Apple’s executives will not return my calls or answer my email messages. Why not? I am merely a customer who writes about Apple from time to time, and I have a few questions to ask about how the company conducts business.
For example, why did Apple downgrade the Mac mini and why doesn’t Apple upgrade the Mac mini? You know. Stuff like that. Here’s another question I would ask. “What’s up with the Notch on the iPhone X screen?” I have answers. They are just not official answers.
Questions about decisions Apple makes are many and varied. Why didn’t Apple put those new OLED displays into iPhone 8 and iPhone 8 Plus? Apple won’t tell me, but it should be obvious. No component manufacturer– Samsung, I’m looking at you— can make the number of OLED displays Apple needs.
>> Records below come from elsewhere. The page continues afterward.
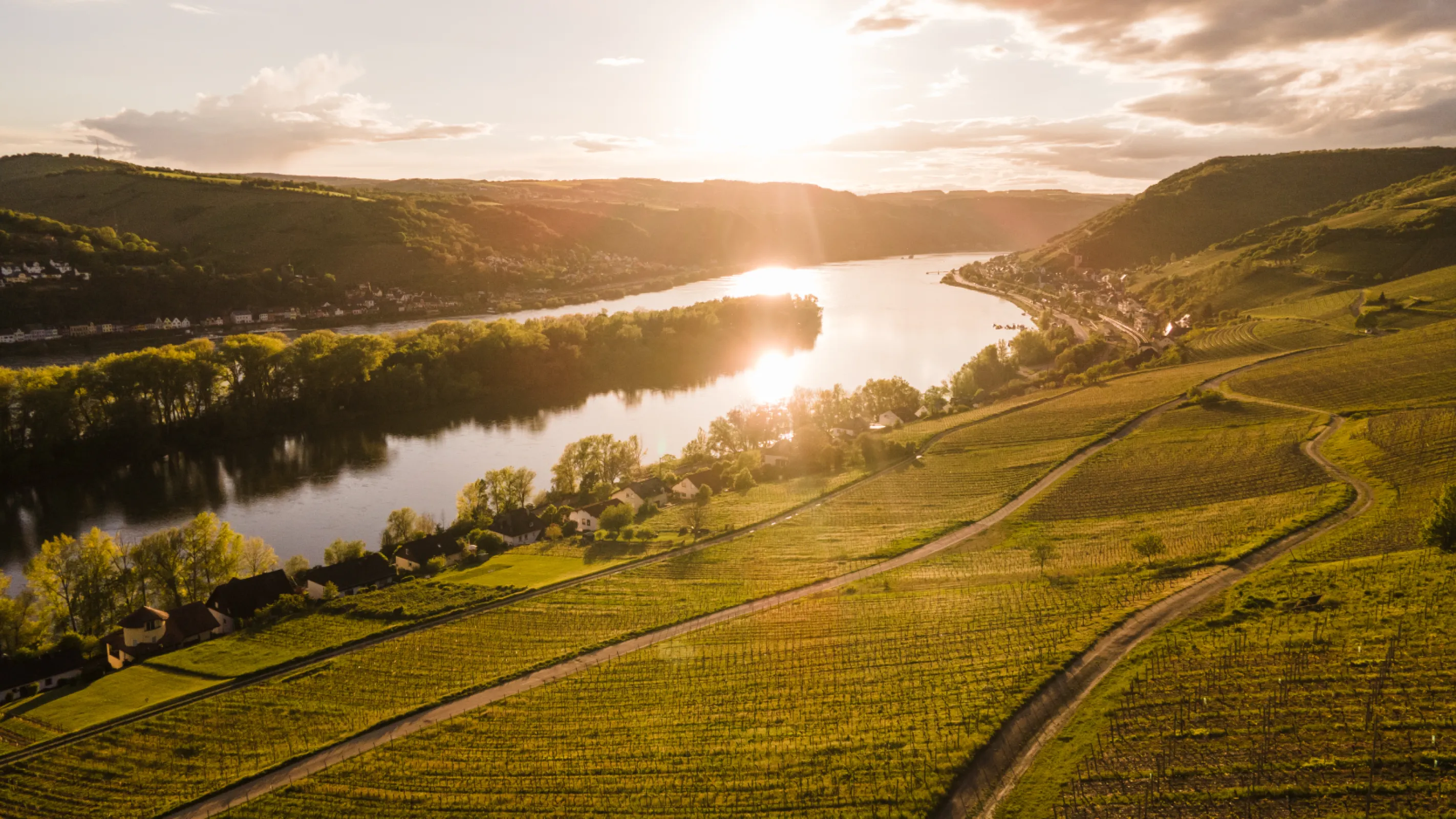 River Rhine - guarantees an excellent climate in our slopy vineyards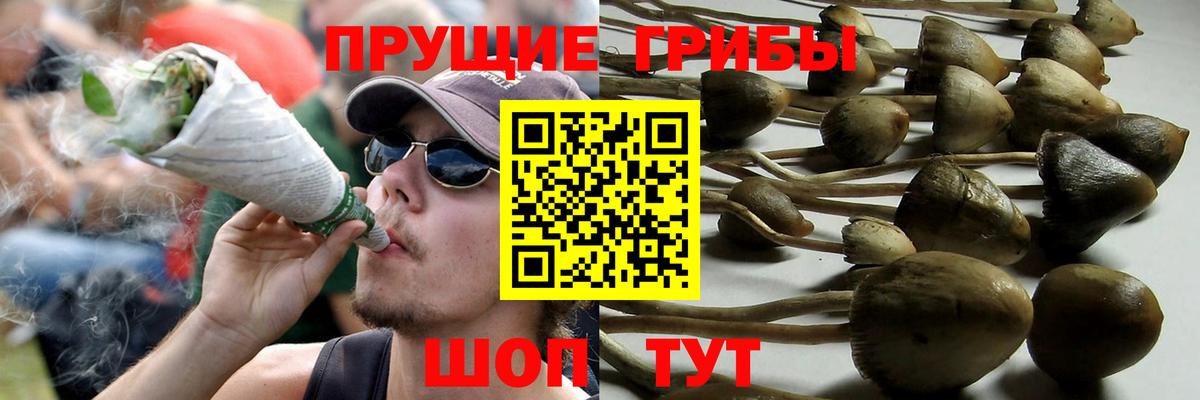 Псилоцибиновые грибы прущие грибы  Псилоцибиновые грибы Cubensis  Вход с VPN  Саянск 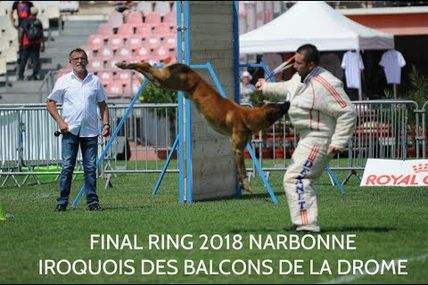 Le vainqueur 2018 de la finale ring: Iroquois des balcons de la Drôme à Samuel Oliver (coupe et championnat)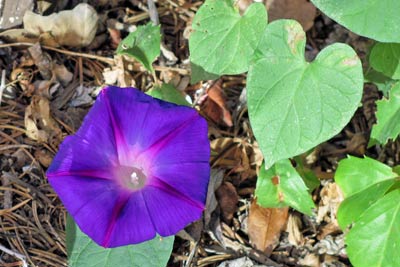 A photo of a Morning Glory.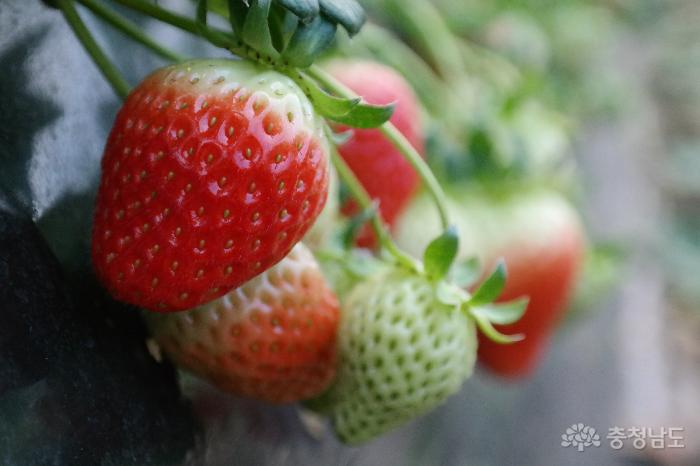 토경재배로 탐스럽게 익은 딸기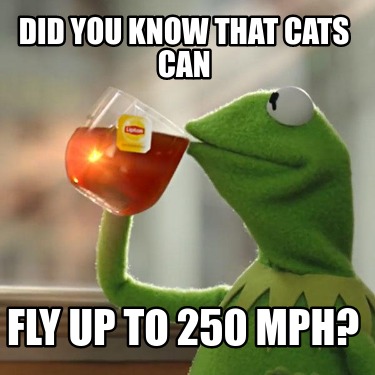 Meme Creator Funny Did You Know That Cats Can Fly Up To 250 Mph Meme Generator At Memecreator Org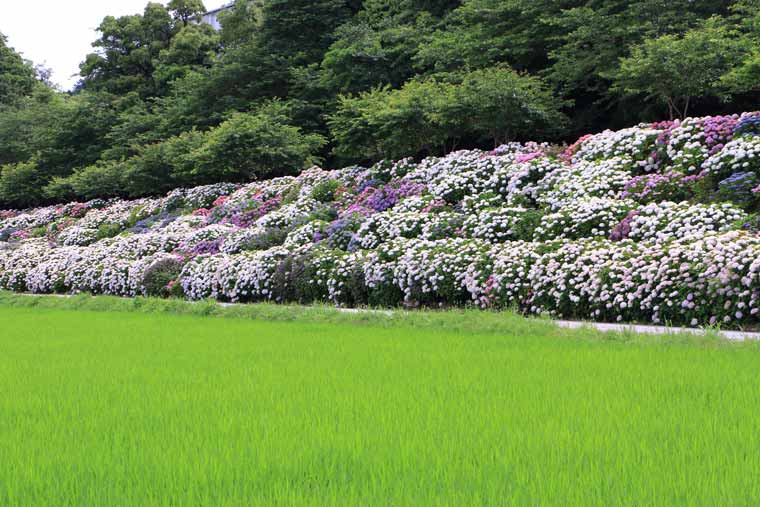 のいちあじさい街道(父養寺・西佐古周辺)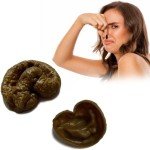 Realistic Fake Poop Toy for Hilarious Pranks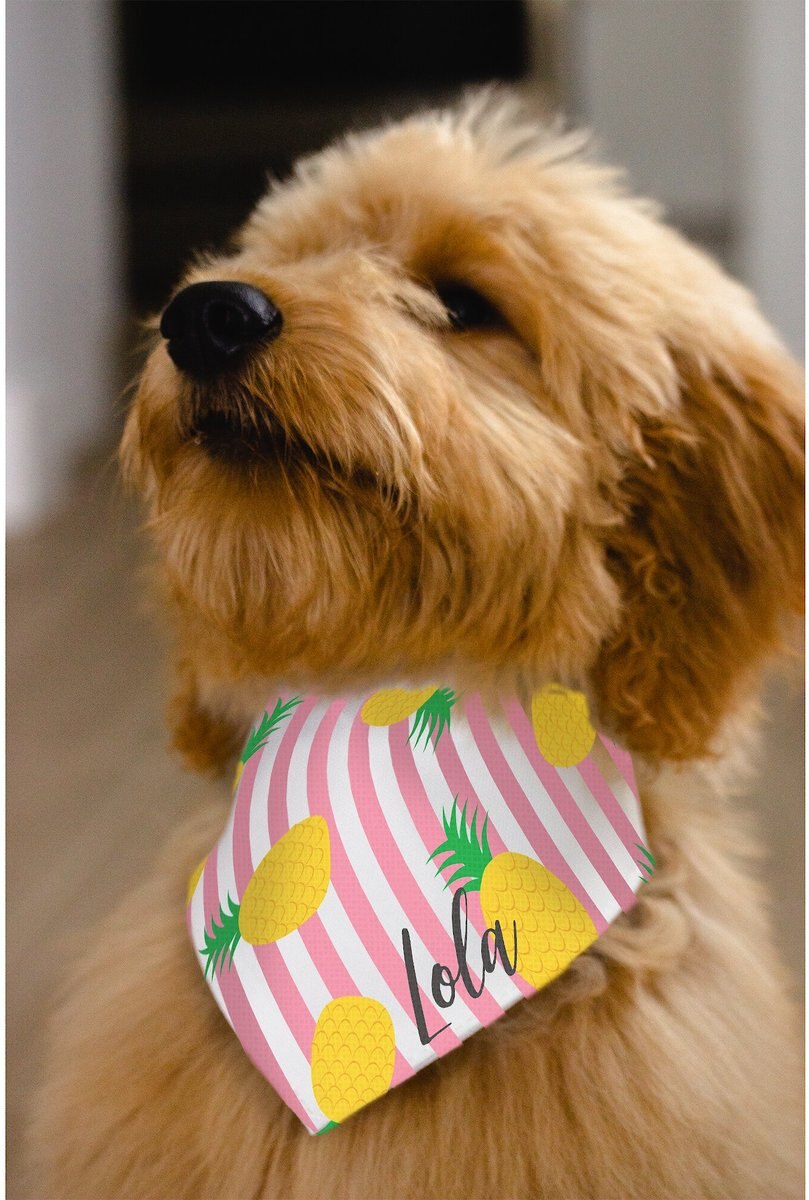 904 Custom Cabana Stripe Personalized Dog Collar Bandana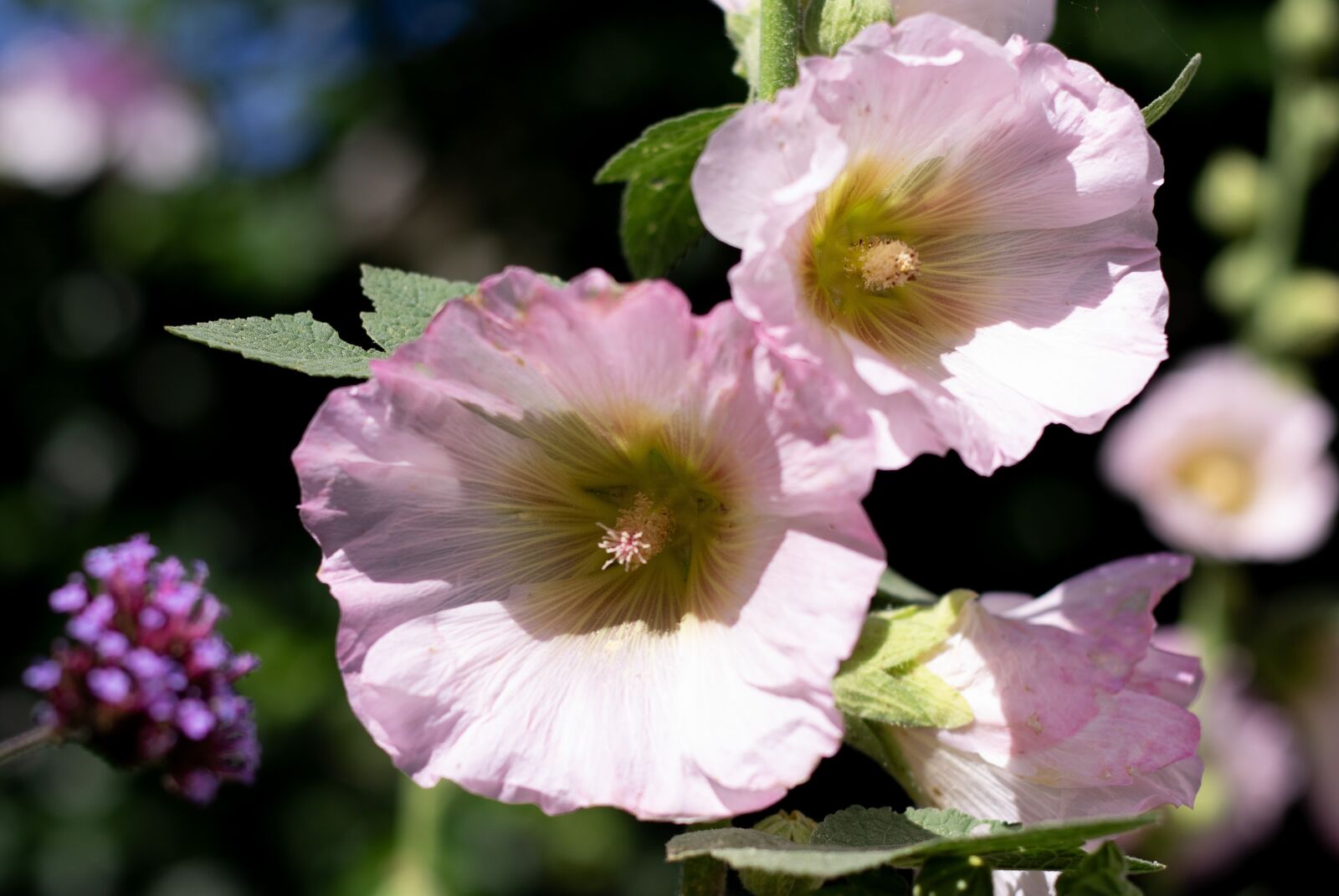 Canon EF 50mm F1.8 STM sample photo. Alcea, hollyhock, rose photography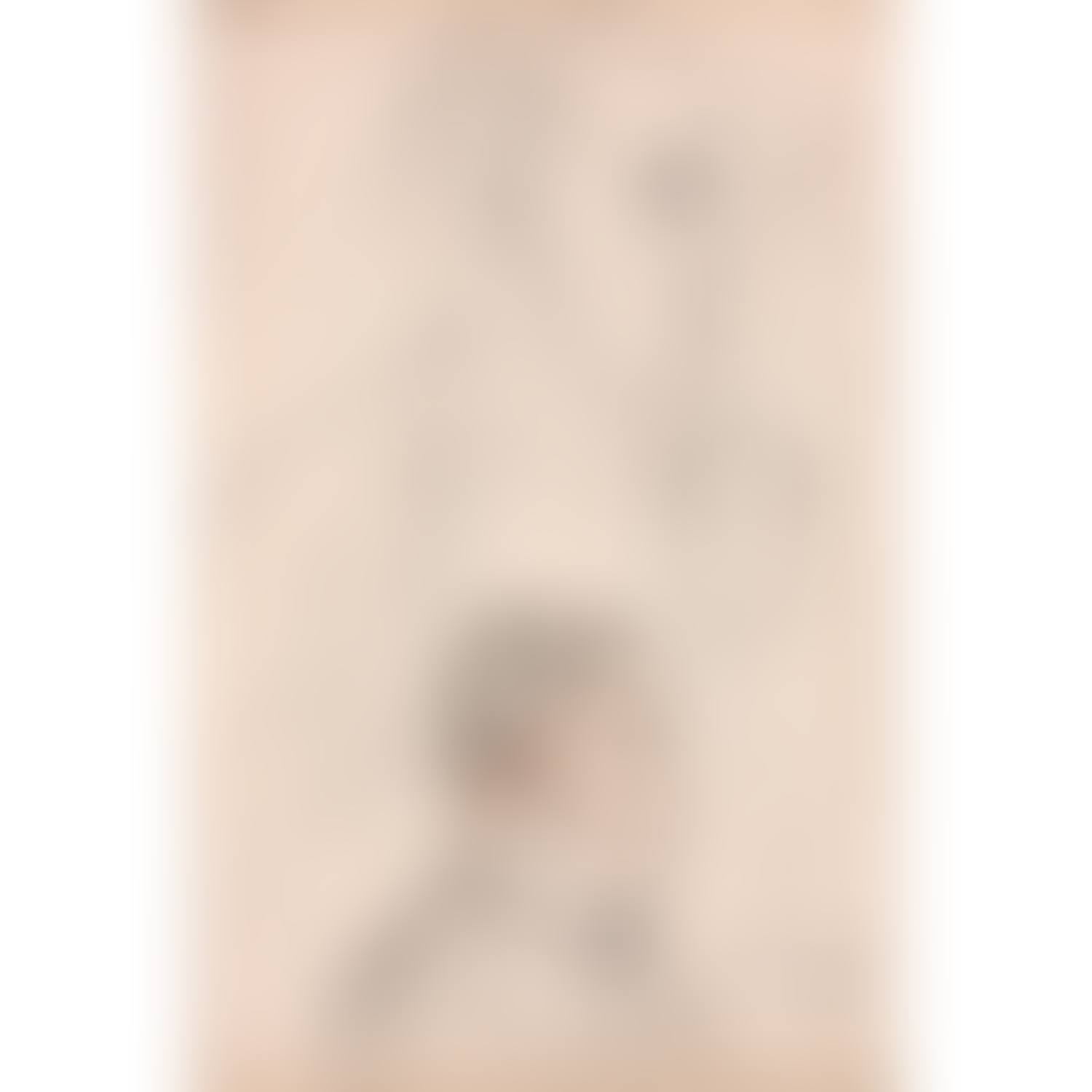 Collection of 10 drawn sheets of portrait-charges of the entourage of the Valpinçon family made in 1862 at the Château du Ménil-Hubert (preview)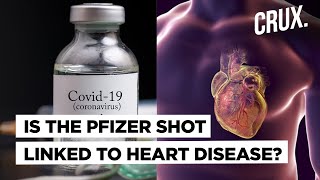 Is Side Effect of Pfizer COVID19 Vaccine Behind Rising Cases of Myocarditis in Israel [upl. by Clerissa552]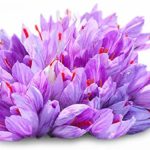 OFFERTA 50 BULBI DI CROCUS SATIVUS ZAFFERANO vernus croco coltivazione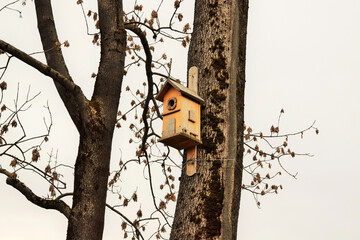 bird feeder on a tree in a park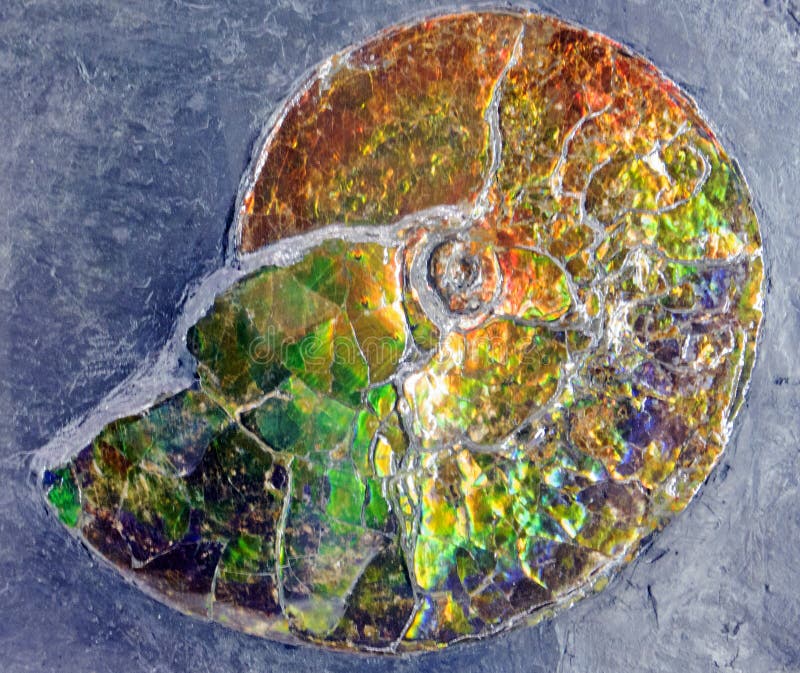 Download Fossilized Iridescence stock image. Image of ammonite - 111878777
That’s a problem with other components, too, so Apple has begun to spread out the iPhone’s product line. iPhone SE, iPhone 6s and 6s Plus, iPhone 7 and 7 Plus, iPhone 8 and 8 Plus, iPhone X. Each model has different components which helps Apple’s supply chain and manufacturing capability.
Think choices and tradeoffs.
Now you’ll begin to understand the issues with the Notch at the top of iPhone X’s new OLED display. Look at iPhone 8, iPhone X, iPhone 8 Plus.
The visuals are striking and telling. iPhone 8 and 8 Plus use a new LCD display, new camera, and new CPU, the A11 Bionic. Otherwise, they’re similar to iPhone 7 and 7 Plus. iPhone X is in the middle of the image above and has notable differences. The overall size is between iPhone 8 and iPhone 8 Plus, but the display– OLED from Samsung– is larger than iPhone 8 Plus. The side and bottom bezels are gone. No chin. No forehead. And, no Home button. It’s gone in iPhone X. Gone.
Choices and tradeoffs.
It’s possible that Apple wanted the Home button to be built into the display but the technology to make it happen isn’t quite here yet; not for the older LCD display design, and not for the newer OLED display design, and certainly not a component available in the numbers Apple needs to satisfy the market. Also not quite here yet– but on the way– is the alternative. Face ID. Face recognition. Yeah, sure, face recognition is nothing new; it’s been around here and there for years. But so was fingerprint recognition but Apple’s Touch ID fingerprint sensor made the market because it worked better than competitor alternatives.
From what we have seen of Face ID, the same revolution is about to happen.
Apple was willing to dump the mature and effective Touch ID for a new technology that could revolutionize how we secure our mobile devices. Face ID uses a marketing term– TrueDepth– to describe how the facial recognition system works. The front of the iPhone must have space to house a camera and sensors and lights. Those components work in concert to implement Face ID’s face recognition system. Those components need to be housed somewhere on the front of the iPhone’s display. Where?
Choices and tradeoffs.
The technology is not available to put Touch ID into the display. The technology is not available to put Face ID’s component into the display so they are invisible to the user.
Ipso facto and alakazam. The Notch.
Notch is a design choice based upon available technological capabilities. Love it or hate but deal with it. Physics are involved. Did customers complain about the huge chin space iPhone’s Home button required? Did critics howl about the huge forehead space the iPhone’s camera required? Did anybody complain about the wide bezels on the right and left of each iPhone?
So, why all the noise about the Notch?
Easy. Notch is visible. Notch is big. Notch is a distraction. Like other design and manufacturing choices based upon available technology, the issue with Notch will go away. Notch is a beautifully ugly design. It’s beautiful because it works magic. It’s a visual cue so you know what to look at when you raise to unlock iPhone X. Remember, beauty lies in the eyes of the beholder. Next year no one will remember the ugly Notch. As with the older and thicker bezels, chin and forehead, we will look past the Notch and see the beauty of how it is used and what it does.
Be impressed with the technology and capability of what is in the Notch. Note that Apple made side bezels and chin almost disappear and the space needed for a Home button is gone. More iPhone. Less space. That should be considered a good thing. Instead, critics are howling about the most important technology revolution because of where it is located. Exactly where it needs to be.
Choices and tradeoffs.
Mark my words today– this time next year, after Apple puts a Notch in all the new iPads, iPhones, MacBooks, and iMacs, the Notch will prevail and live on while critics and their words will be forgotten. The Notch is a beautifully ugly design. Visually distinctive and highly functional.